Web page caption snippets
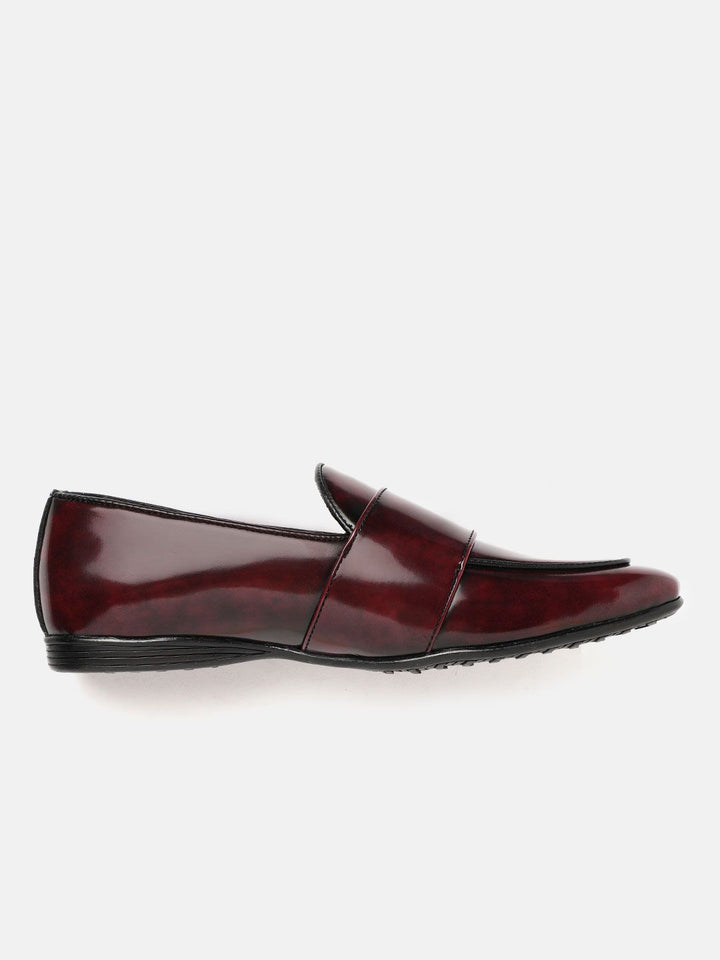 House of Pataudi Men Burgundy Glossy Finish Handcrafted Leather Party Monk Shoes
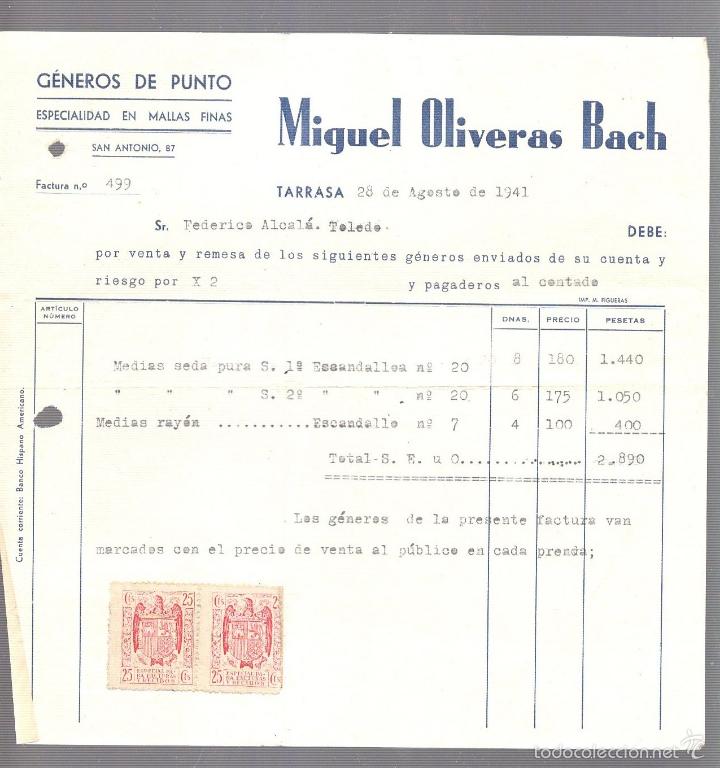 Factures anciennes: FACTURA. MIGUEL OLIVERAS BACH. GENEROS DE PUNTO. TARRASA, 1941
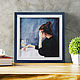 Girl and wine, 30h30cm, Watercolor, Framed, Pictures, St. Petersburg,  Фото №1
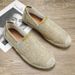 Men's Casual Linen Slip-on Breathable Canvas Men's Fisherman Shoes, Trendy Summer Old Beijing Cloth Shoes_vogvips.com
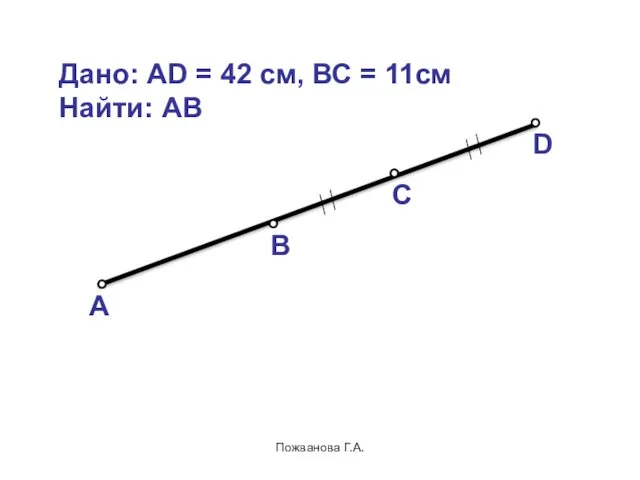 Пожванова Г.А. А В С D Дано: АD = 42 см, ВС = 11см Найти: АВ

**Exercise prompt:**
Omit all pictures while transcribing the entries verbatim.

**Result below:**
 House of Pataudi Men Burgundy Glossy Finish Handcrafted Leather Party Monk Shoes
 Factures anciennes: FACTURA. MIGUEL OLIVERAS BACH. GENEROS DE PUNTO. TARRASA, 1941
 Girl and wine, 30h30cm, Watercolor, Framed, Pictures, St. Petersburg,  Фото №1
 Men's Casual Linen Slip-on Breathable Canvas Men's Fisherman Shoes, Trendy Summer Old Beijing Cloth Shoes_vogvips.com
 Пожванова Г.А. А В С D Дано: АD = 42 см, ВС = 11см Найти: АВ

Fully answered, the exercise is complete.